Large sheets of paper are printed on both sides with pages whose order, at first glance, looks odd. The typographer has placed these pages in such a position that their numbers will follow one another once the sheets have been folded several times in half to form sections. The printer in turn has made sure the pages superpose exactly on both sides of the paper. After folding, these ‘signatures’ will be pressed and sewn together to constitute the book block; small marks printed along their outer folds must be aligned in descending order to make sure no section is missing.

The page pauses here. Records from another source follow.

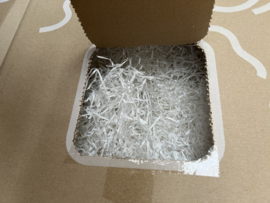 Opvulmateriaal papierwol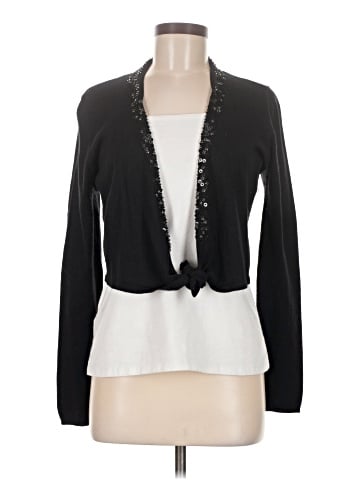 White + Warren Cardigan (view 1)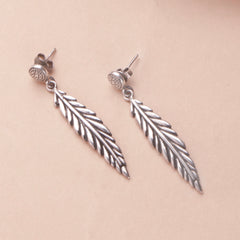 925 Sterling Silver Earrings for Women | Classic Handmade Gold Finish Jewelry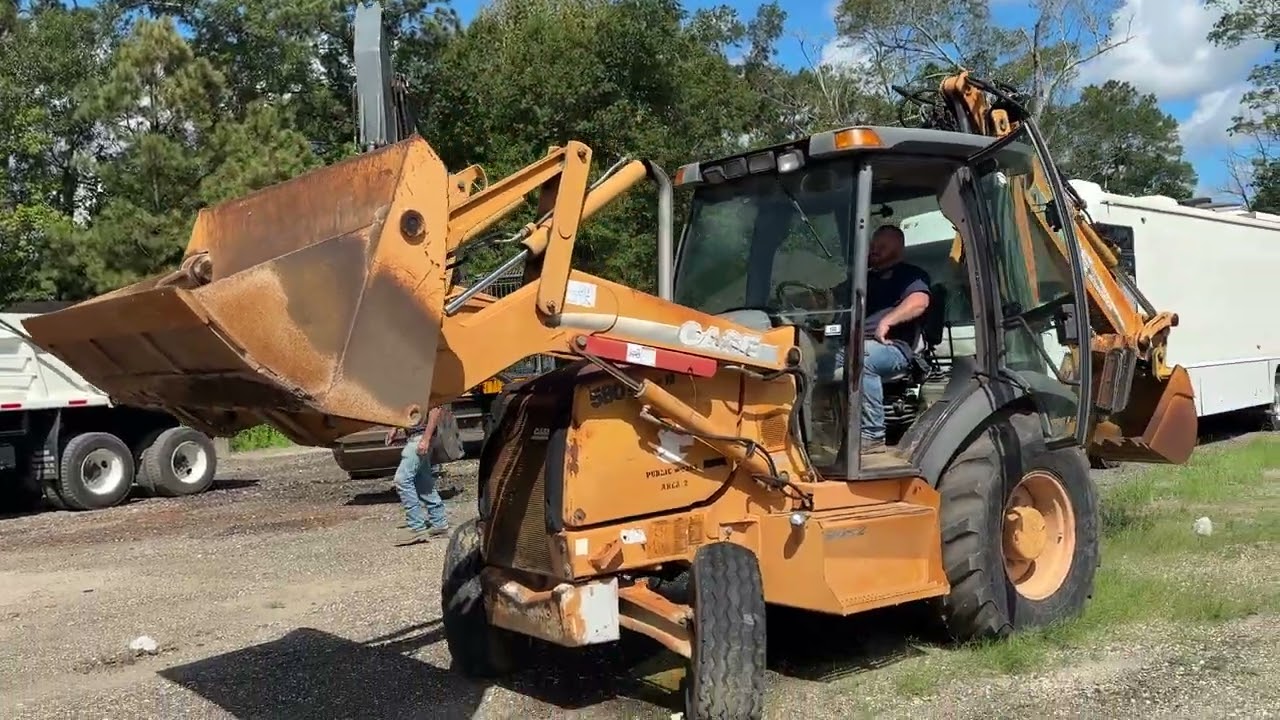 2005 Case 580 Super M Loader Backhoe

Although we were taught to do this laborious task by hand in front of a good light with a bone folder, the machine here quits itself of the job faster than the eye can see, and the lines of text and images fit from one page to the next as if it were the most natural thing in the world.
All the sections are now ordered, ready to be sewn,
the little printed marks are well aligned on the folds.
And even in this incredibly mechanised environment I still encounter familiar material, bobbins of thread, colourful linens, ribbon bookmarks, and in a corner, for one-off assignments, heavy cast iron presses and board shears.
I cannot wait to pick up my own equipment again.